Output range, inclusive: from the line containing "an flag flies" to the line containing "Yakın çekimde, tutku". Restate those lines from the data below word for word and only those.

[Excerpts from a dataset]
-=-=-=-=-

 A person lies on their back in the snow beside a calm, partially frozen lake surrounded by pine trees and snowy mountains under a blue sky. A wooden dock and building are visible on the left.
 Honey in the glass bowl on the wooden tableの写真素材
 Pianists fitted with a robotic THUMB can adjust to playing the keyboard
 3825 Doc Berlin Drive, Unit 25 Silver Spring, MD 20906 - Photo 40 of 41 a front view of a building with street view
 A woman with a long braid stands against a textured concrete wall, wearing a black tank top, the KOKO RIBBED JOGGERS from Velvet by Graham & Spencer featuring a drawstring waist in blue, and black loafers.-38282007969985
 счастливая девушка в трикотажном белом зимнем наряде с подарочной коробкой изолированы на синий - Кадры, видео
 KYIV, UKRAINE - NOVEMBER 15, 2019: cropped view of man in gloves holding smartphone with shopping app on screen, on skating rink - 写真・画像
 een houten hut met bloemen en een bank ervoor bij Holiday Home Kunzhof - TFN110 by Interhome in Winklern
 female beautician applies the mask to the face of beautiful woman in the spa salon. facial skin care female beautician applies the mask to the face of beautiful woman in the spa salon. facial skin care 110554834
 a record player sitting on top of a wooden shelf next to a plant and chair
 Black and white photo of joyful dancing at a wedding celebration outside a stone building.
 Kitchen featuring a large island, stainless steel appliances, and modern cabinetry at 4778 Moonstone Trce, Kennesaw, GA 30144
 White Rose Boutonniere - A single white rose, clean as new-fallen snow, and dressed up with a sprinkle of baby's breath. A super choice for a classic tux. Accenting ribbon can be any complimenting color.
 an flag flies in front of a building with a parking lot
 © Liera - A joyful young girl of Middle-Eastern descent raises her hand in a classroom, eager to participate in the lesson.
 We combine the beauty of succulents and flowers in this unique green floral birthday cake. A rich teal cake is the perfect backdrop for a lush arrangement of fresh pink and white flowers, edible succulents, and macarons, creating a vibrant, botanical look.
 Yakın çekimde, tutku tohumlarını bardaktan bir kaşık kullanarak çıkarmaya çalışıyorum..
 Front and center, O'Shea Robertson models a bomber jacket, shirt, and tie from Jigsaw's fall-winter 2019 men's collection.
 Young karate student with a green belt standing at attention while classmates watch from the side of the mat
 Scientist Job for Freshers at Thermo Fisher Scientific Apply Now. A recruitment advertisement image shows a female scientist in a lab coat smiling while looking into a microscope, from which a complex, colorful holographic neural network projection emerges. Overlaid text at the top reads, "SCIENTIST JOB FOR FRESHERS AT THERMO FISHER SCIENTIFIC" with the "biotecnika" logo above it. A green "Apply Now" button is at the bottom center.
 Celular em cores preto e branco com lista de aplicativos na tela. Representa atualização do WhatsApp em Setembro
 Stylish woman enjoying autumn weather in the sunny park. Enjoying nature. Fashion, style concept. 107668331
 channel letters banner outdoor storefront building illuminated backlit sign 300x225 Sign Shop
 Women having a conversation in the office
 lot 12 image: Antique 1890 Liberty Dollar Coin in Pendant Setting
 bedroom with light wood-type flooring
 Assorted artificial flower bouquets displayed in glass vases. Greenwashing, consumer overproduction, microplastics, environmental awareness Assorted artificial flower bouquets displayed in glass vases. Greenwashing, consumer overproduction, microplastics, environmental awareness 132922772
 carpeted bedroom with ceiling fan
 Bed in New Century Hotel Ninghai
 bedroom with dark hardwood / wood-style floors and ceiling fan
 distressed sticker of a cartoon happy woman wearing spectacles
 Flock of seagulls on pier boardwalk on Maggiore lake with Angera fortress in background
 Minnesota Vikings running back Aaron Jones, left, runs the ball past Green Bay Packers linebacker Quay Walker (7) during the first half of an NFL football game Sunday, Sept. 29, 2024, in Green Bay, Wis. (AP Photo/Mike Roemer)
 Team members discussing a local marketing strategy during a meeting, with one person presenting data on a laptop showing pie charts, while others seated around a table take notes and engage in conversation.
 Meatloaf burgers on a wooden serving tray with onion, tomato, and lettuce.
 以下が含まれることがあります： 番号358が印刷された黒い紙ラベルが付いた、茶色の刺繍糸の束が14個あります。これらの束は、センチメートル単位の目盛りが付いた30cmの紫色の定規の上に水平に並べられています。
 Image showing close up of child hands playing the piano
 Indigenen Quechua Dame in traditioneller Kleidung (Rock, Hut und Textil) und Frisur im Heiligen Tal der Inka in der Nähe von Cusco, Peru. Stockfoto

-=-=-=-=-

(Written response):
 an flag flies in front of a building with a parking lot
 © Liera - A joyful young girl of Middle-Eastern descent raises her hand in a classroom, eager to participate in the lesson.
 We combine the beauty of succulents and flowers in this unique green floral birthday cake. A rich teal cake is the perfect backdrop for a lush arrangement of fresh pink and white flowers, edible succulents, and macarons, creating a vibrant, botanical look.
 Yakın çekimde, tutku tohumlarını bardaktan bir kaşık kullanarak çıkarmaya çalışıyorum..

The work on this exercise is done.